Keywords

1 Introduction

In order to filter large amounts of information, recommender systems (RSs) have been adopted by many real-world applications such as Amazon [8] and Netflix [7]. Collaborative filtering (CF) is the most often used approach in RSs. It consists in predicting the items that an active user will enjoy, based on the items that the people who are most similar to this user have enjoyed. Among CF systems two distinct types of approach are to be found:

Memory-based CF. These approaches are based on computing similarities [1]. User-based collaborative filtering looks for similarities between the active user \(\mathbf {u}_a\) and all other users and tries to predict the preference of \(\mathbf {u}_a\) for a set of new items, according to the preferences of the K most similar users to \(\mathbf {u}_a\). Item-based collaborative filtering consists in finding the K nearest neighbors of each item and making recommendations according to the neighborhood of items enjoyed by the user \(\mathbf {u}_a\).

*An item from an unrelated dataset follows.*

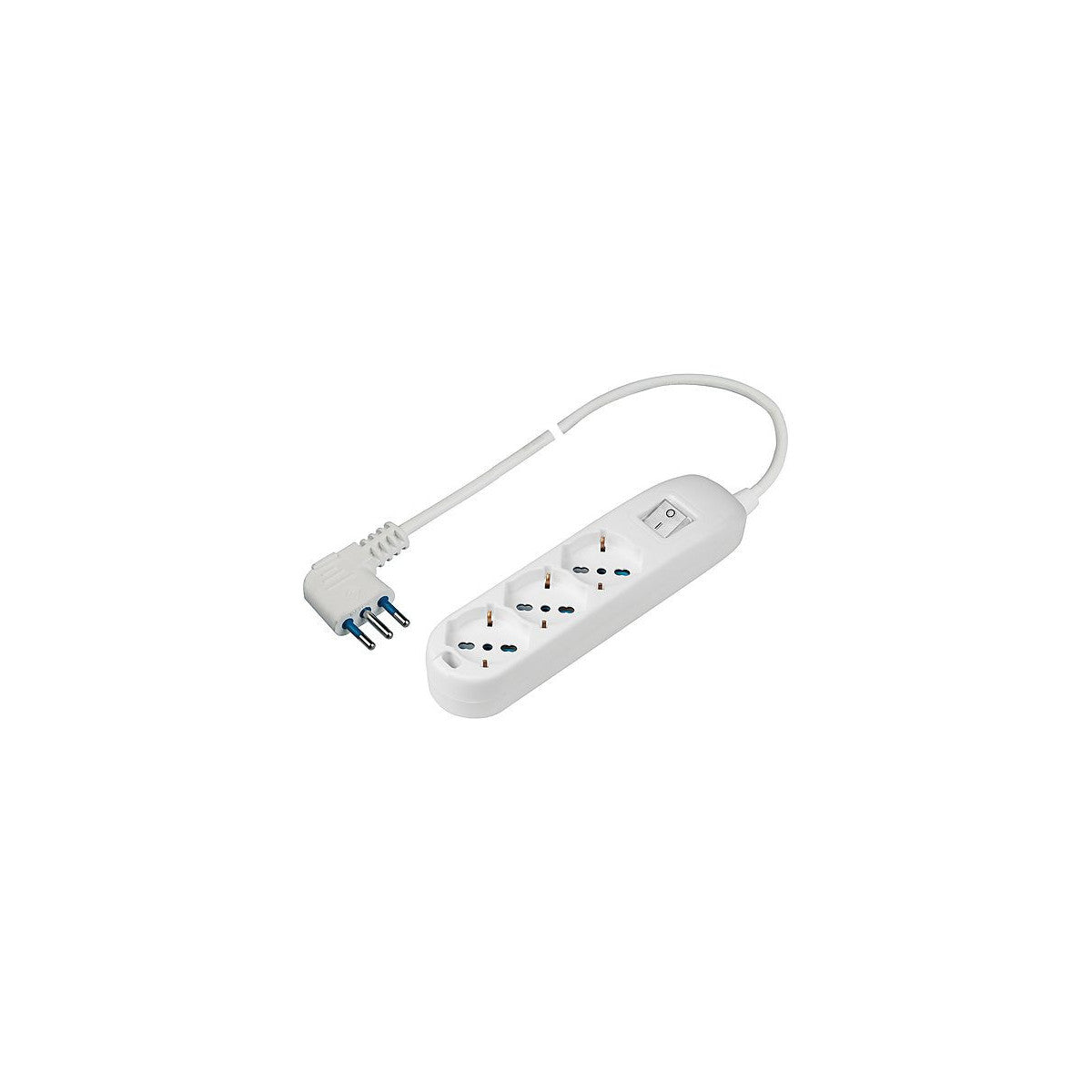 Poly Pool Spa Presa Tripla Pluristandard Con Interruttore Luminoso e Spina Salvaspazio 16A 2 Poli Terra Bianco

Model-based CF. These approaches begin by suggesting a model that will learn from the user/item rating matrix \(\mathbf {U}\) in order to capture the hidden features of the users and items. They then predict the missing ratings according to this model. Many model-based CF techniques have been proposed, the most popular being those based on clustering [12], co-clustering [4], and matrix factorization MF [2, 11].

Traditional CF approaches, such as matrix factorization (MF) and memory-based methods, can achieve good prediction accuracy, but their computation time rises steeply as the number of users and items increases. Further, these methods need to be performed periodically (i.e., offline) in order to take into account new ratings, new users and items. However, with this strategy, new information which appear between two offline computations are not considered. As a result, applying traditional CF techniques to real-world applications such as Netflix in which the sets of users, items and ratings are frequently updated, remains therefore a challenge.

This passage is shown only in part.